Copy exactly the lines from the start of the data below through the one that carries "Mary Sculpture at", and only those.

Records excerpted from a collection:
^^^^
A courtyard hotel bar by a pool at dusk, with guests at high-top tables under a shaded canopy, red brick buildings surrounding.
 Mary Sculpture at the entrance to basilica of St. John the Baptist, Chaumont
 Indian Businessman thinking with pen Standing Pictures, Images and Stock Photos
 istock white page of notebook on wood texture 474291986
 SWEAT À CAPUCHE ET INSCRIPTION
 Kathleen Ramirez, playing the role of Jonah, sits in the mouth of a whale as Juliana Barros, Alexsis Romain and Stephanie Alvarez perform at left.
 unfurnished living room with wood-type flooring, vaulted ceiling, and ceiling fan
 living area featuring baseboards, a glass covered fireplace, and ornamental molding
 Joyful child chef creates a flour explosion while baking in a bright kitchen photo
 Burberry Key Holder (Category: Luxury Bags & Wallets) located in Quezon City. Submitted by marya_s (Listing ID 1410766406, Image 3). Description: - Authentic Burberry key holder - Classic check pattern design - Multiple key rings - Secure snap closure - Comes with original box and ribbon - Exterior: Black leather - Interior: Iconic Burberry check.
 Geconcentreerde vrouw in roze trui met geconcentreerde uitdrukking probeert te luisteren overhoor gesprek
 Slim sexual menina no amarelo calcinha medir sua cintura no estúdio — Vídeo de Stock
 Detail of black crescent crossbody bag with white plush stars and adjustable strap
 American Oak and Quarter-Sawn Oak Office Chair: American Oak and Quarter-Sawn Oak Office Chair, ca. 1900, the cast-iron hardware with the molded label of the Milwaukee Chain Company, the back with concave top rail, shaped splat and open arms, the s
^^^^
Answer box:
A courtyard hotel bar by a pool at dusk, with guests at high-top tables under a shaded canopy, red brick buildings surrounding.
 Mary Sculpture at the entrance to basilica of St. John the Baptist, Chaumont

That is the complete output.